When `health_check` is called, the system shall load the model if not already loaded and return `True`; on load failure, return `False` (do not raise).

Success determiner

kindtest_file

Path

shared/josh_substrate/tests/embedding/test_provider_contract.py

Runner

uv run pytest shared/josh_substrate/tests/embedding -m 'contract and not live' -k local_st

Clarifications needed

None.

Out of scope

None.

Dependencies

Plan

Single module local_st.py.

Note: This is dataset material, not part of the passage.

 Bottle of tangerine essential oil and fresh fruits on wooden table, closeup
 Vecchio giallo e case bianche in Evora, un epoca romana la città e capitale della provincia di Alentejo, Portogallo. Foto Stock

SentenceTransformer import is local to
_ensure_loaded so the substrate's base import doesn't pull in torch
unconditionally. josh-substrate[local-st] extra carries the deps.
Lock for one-time model load is created lazily on first await to
avoid binding to a destroyed event loop in test contexts.

Tasks

5 of 5 done.

t1 LocalSTProvider class implementing the Protocol
t2 Lazy model load + asyncio bridge via to_thread
t3 Asymmetric query/document encoding for known prompt-aware models
t4 trust_remote_code support for Snowflake Arctic v2
t5 Contract suite passes against all-MiniLM-L6-v2 (test factory)

Changelog

2026-05-27T00:00:00Z verified→verified Acceptance criterion 5 clarified: the `trust_remote_code` example now notes that the production default (Arctic-L) does NOT require the flag — only models shipping custom HF modeling code (Arctic-M, etc.) do. No code change; documentation-only clarification after Phase 1 picked Arctic-L over Arctic-M.
2026-05-10T11:00:00Z planned→verified Adapter written; 12 contract tests pass against MiniLM in CI.